>>>>
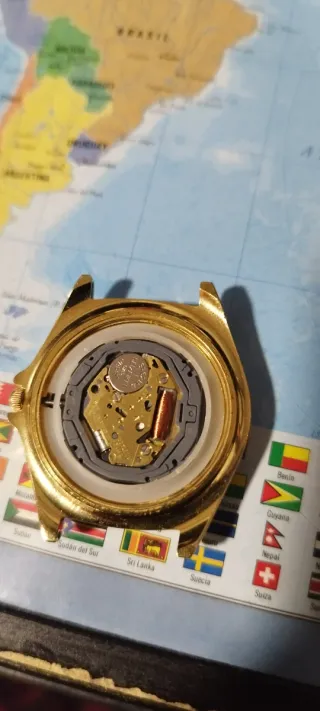 Orologio Bulova Vintage da uomo Nero e Oro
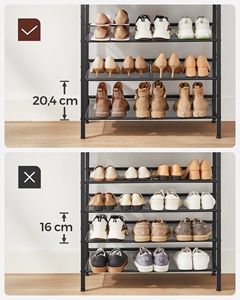 <span class=keywords><strong>VASAGLE</strong></span> <span class=keywords><strong>Étagère</strong></span> à chaussures grande surface à 5 niveaux <span class=keywords><strong>Étagère</strong></span> à chaussures <span class=keywords><strong>de</strong></span> couloir d'entrée <span class=keywords><strong>Étagère</strong></span> <span class=keywords><strong>de</strong></span> <span class=keywords><strong>rangement</strong></span> avec <span class=keywords><strong>étagère</strong></span>s en maille réglables - Product Image 4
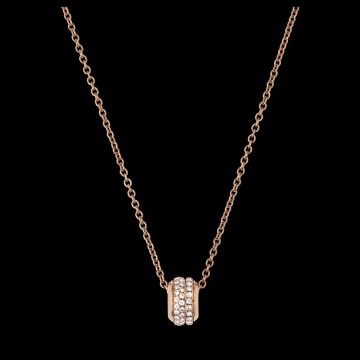 Original Pendant in 18K Rose Gold Set with 66 Brilliant-cut Diamonds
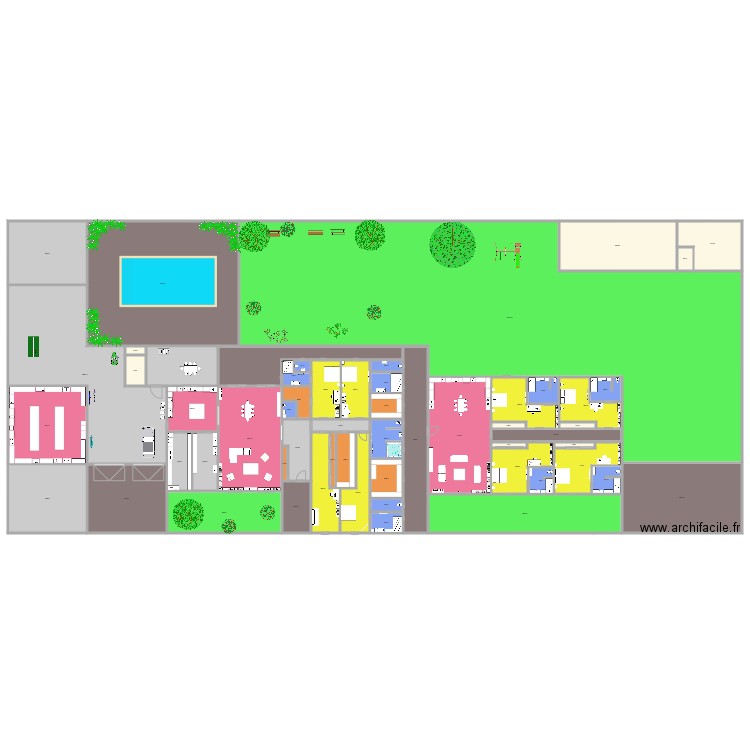 pop. Plan de 0 pièce et 0 m2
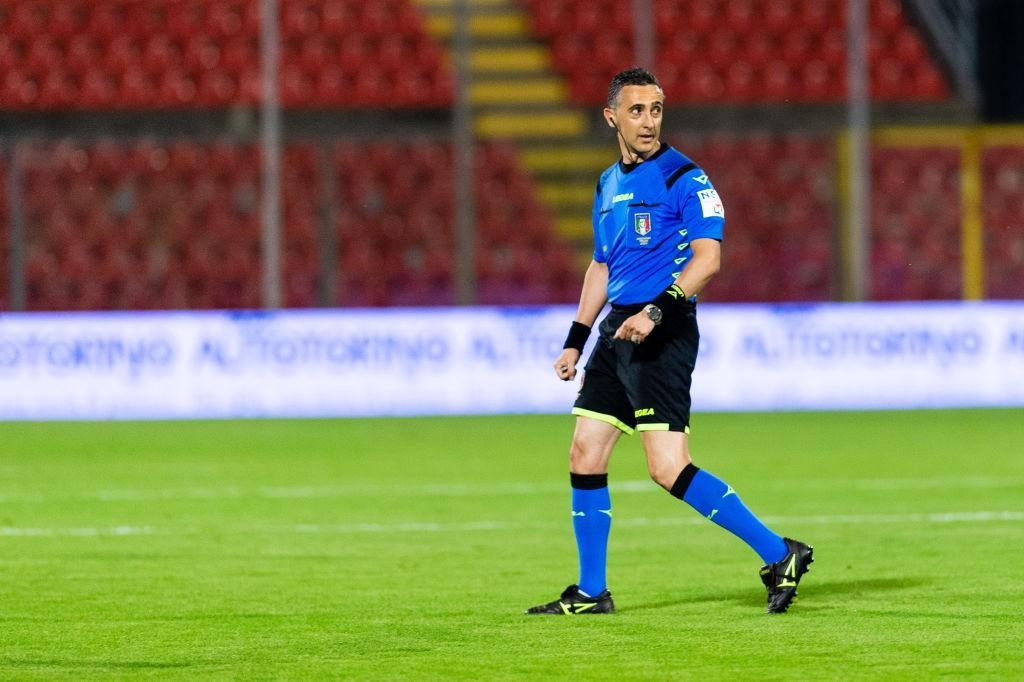 L'arbitro Gianluca Aureliano (Getty Images)
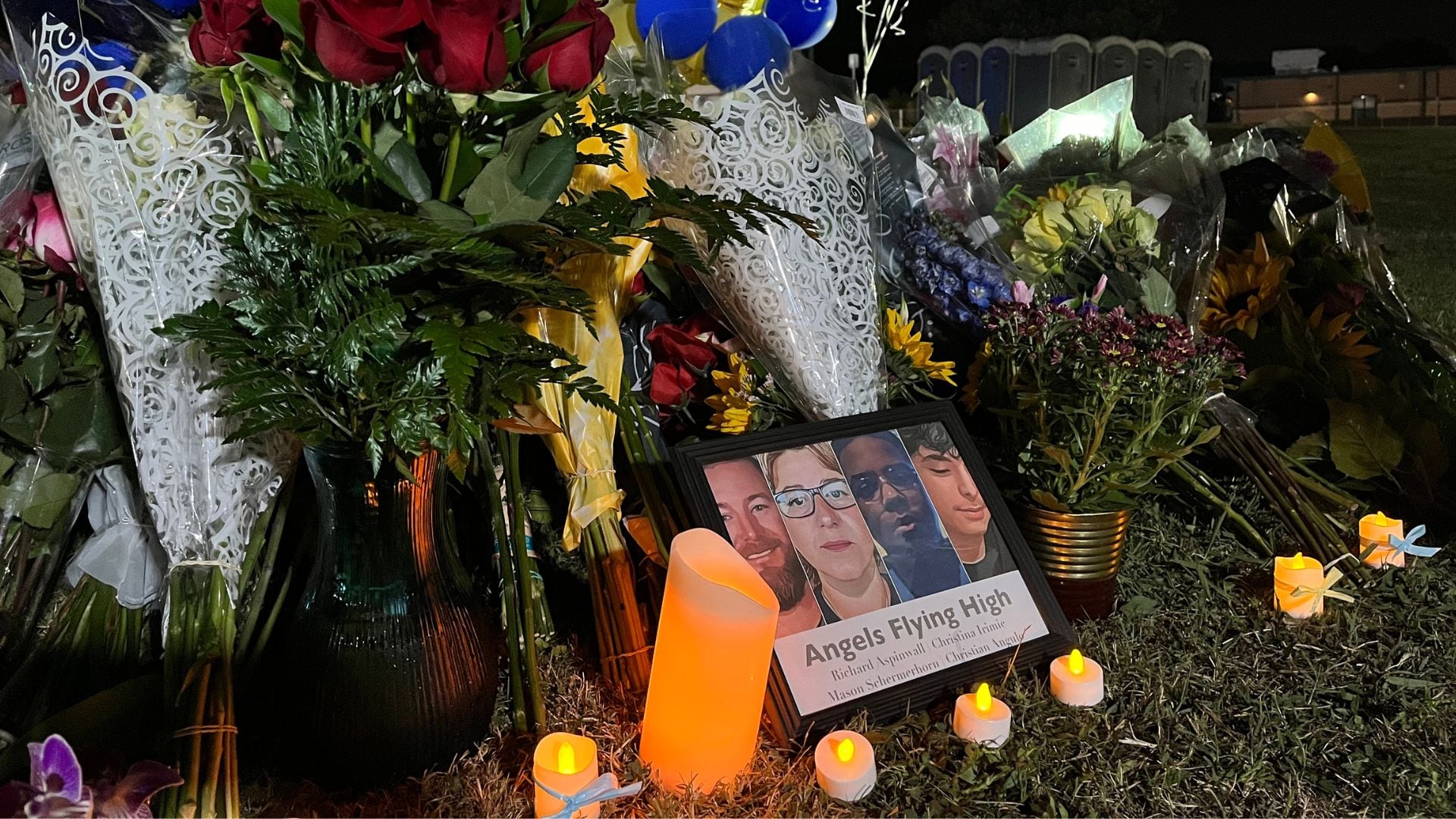 A memorial was made for the victims of the mass shooting at Apalachee High School on...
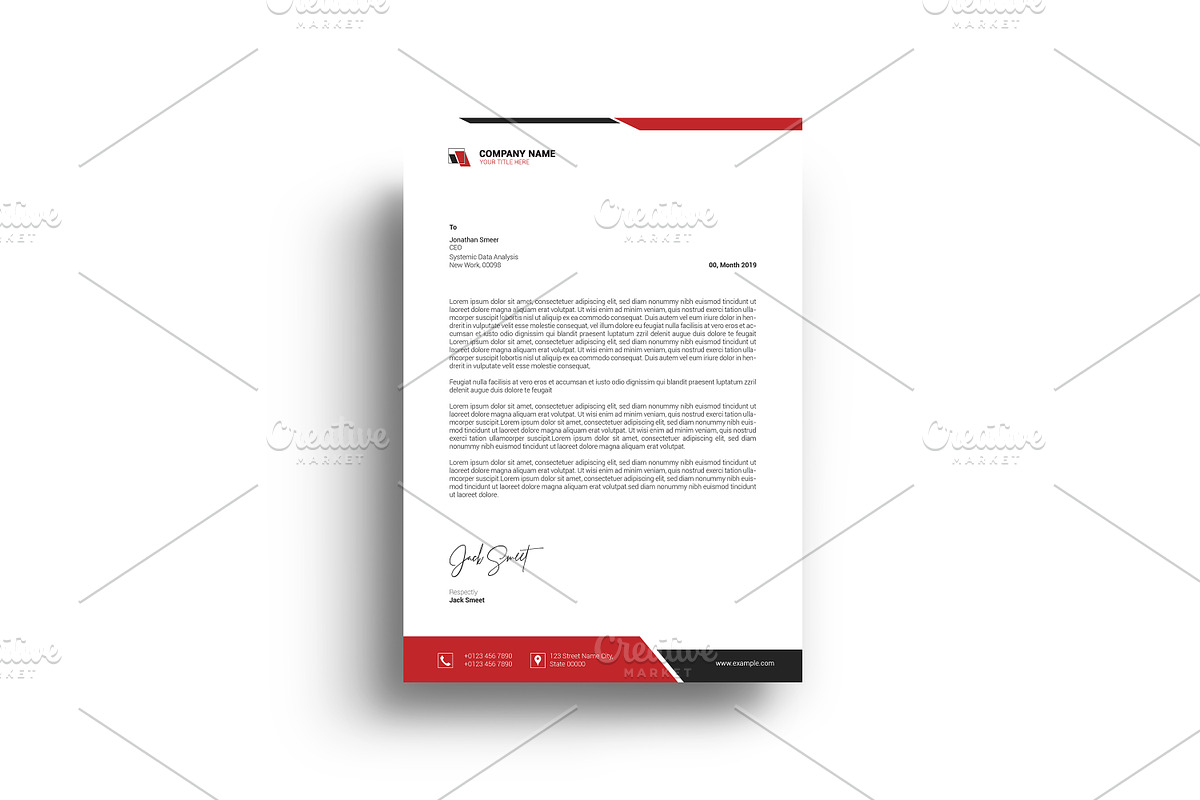 Letterhead V25 in Stationery Templates - product preview 8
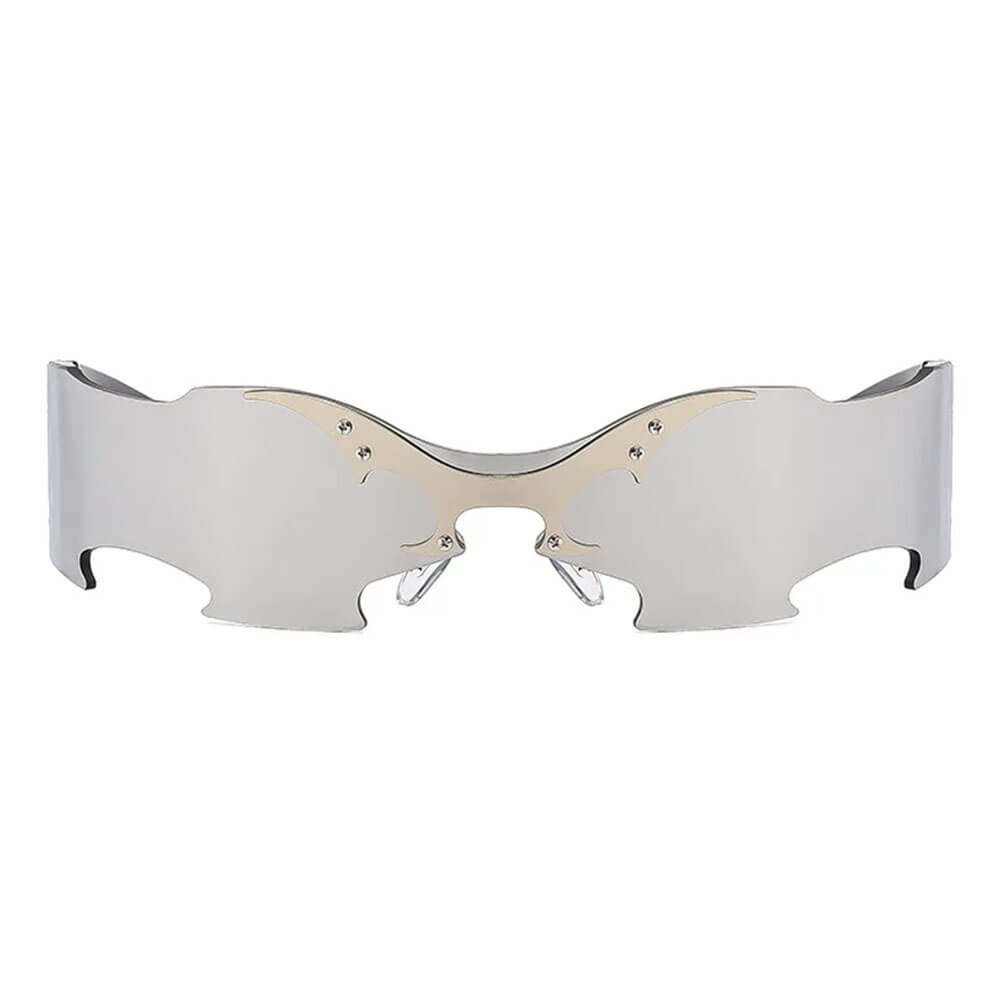 Butterfly Effect Futuristic Shield Sunglasses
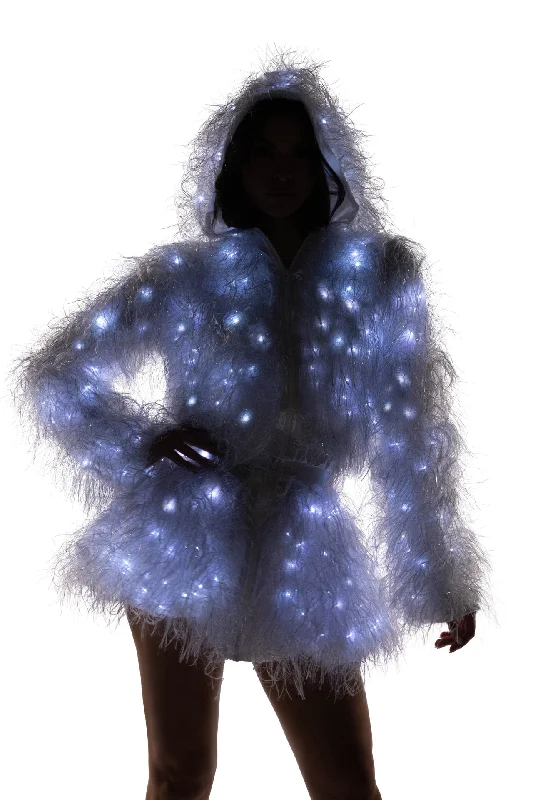 FE299 - Light-Up Lurex Shag Skirt vintage skirt charm
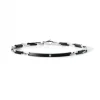Clearance Bracciale Comete Uomo Collezione Delta In Acciaio e PVD Nero Con Diamante Uomo Gioielli Comete Uomo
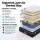 Giselle Bedding REGAL King Single Mattress 35cm Firm Copper Memory Foam Edge Support 7-Zone Pocket Springs Black & White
<<<<
**Exercise directions**
Exactly what appears in the records above must be returned, apart from the pictures.

**Answer to the problem**
 Orologio Bulova Vintage da uomo Nero e Oro
 <span class=keywords><strong>VASAGLE</strong></span> <span class=keywords><strong>Étagère</strong></span> à chaussures grande surface à 5 niveaux <span class=keywords><strong>Étagère</strong></span> à chaussures <span class=keywords><strong>de</strong></span> couloir d'entrée <span class=keywords><strong>Étagère</strong></span> <span class=keywords><strong>de</strong></span> <span class=keywords><strong>rangement</strong></span> avec <span class=keywords><strong>étagère</strong></span>s en maille réglables - Product Image 4
 Original Pendant in 18K Rose Gold Set with 66 Brilliant-cut Diamonds
 pop. Plan de 0 pièce et 0 m2
 L'arbitro Gianluca Aureliano (Getty Images)
 A memorial was made for the victims of the mass shooting at Apalachee High School on...
 Letterhead V25 in Stationery Templates - product preview 8
 Butterfly Effect Futuristic Shield Sunglasses
 FE299 - Light-Up Lurex Shag Skirt vintage skirt charm
Clearance Bracciale Comete Uomo Collezione Delta In Acciaio e PVD Nero Con Diamante Uomo Gioielli Comete Uomo
 Giselle Bedding REGAL King Single Mattress 35cm Firm Copper Memory Foam Edge Support 7-Zone Pocket Springs Black & White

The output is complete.